**What to produce**
Each line of data below must be printed exactly as written, with any pictures removed.

--- Information supplied ---

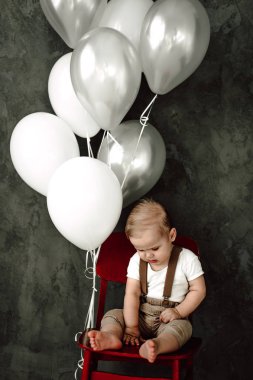 Portre sevimli küçük çocuk gülümseyen kutluyor 1 yıl kutlu olsun. Bir sandalyede oturuyor ve baloons ile oynarken bir yıl eski Avrupa küçük beyefendi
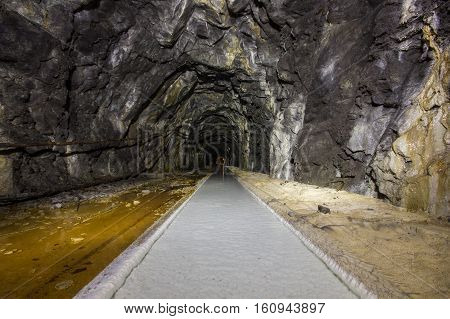 Old abandoned iron ore mine shaft tunnel with rails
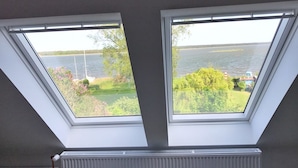 Two skylights with a view of a lake and greenery.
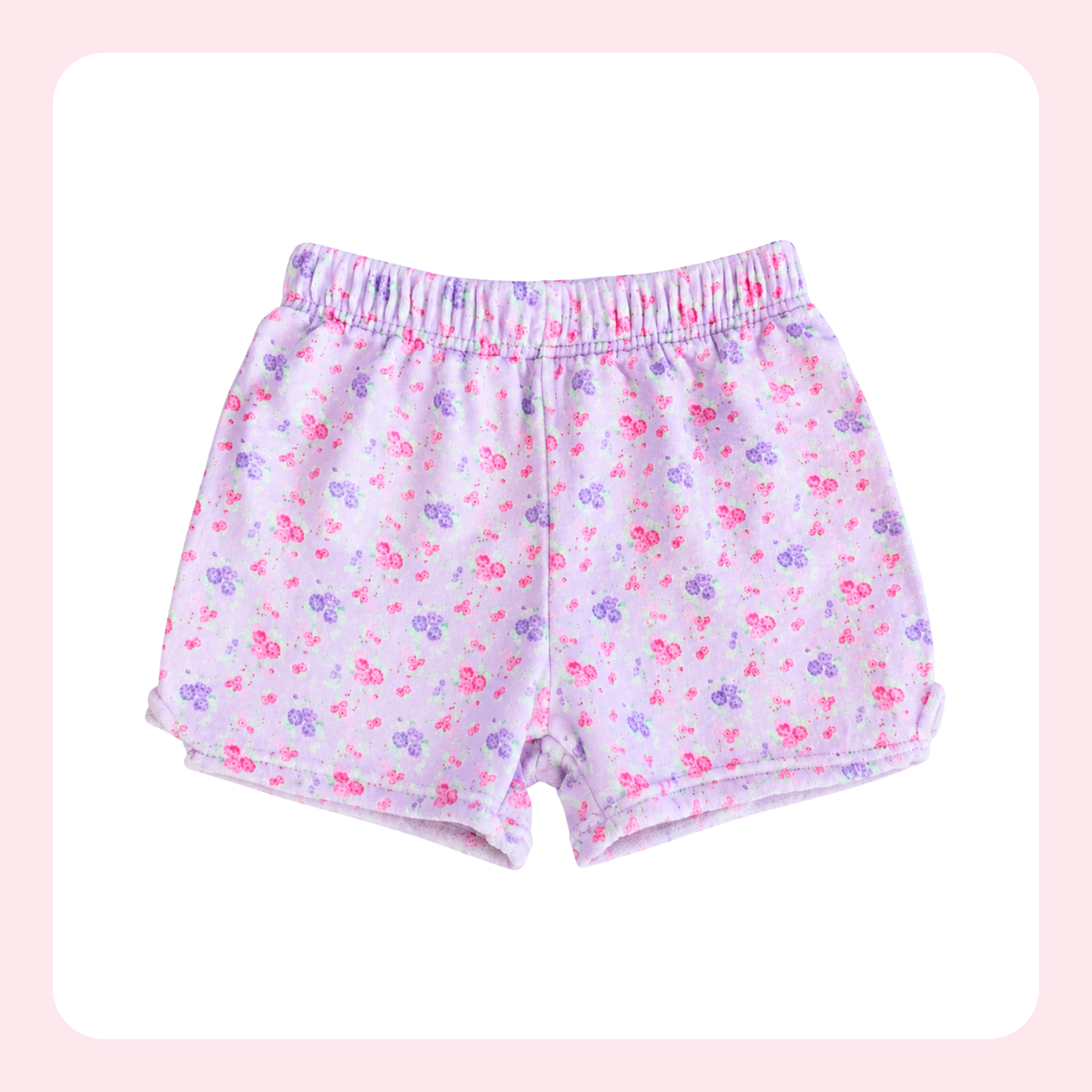 A pair of children's shorts with an elastic waistband, featuring a light pink and white base with a small pink and purple floral pattern, displayed on a white background with a soft pink border.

---

**Answer to this exercise**
 Portre sevimli küçük çocuk gülümseyen kutluyor 1 yıl kutlu olsun. Bir sandalyede oturuyor ve baloons ile oynarken bir yıl eski Avrupa küçük beyefendi
 Old abandoned iron ore mine shaft tunnel with rails
 Two skylights with a view of a lake and greenery.
 A pair of children's shorts with an elastic waistband, featuring a light pink and white base with a small pink and purple floral pattern, displayed on a white background with a soft pink border.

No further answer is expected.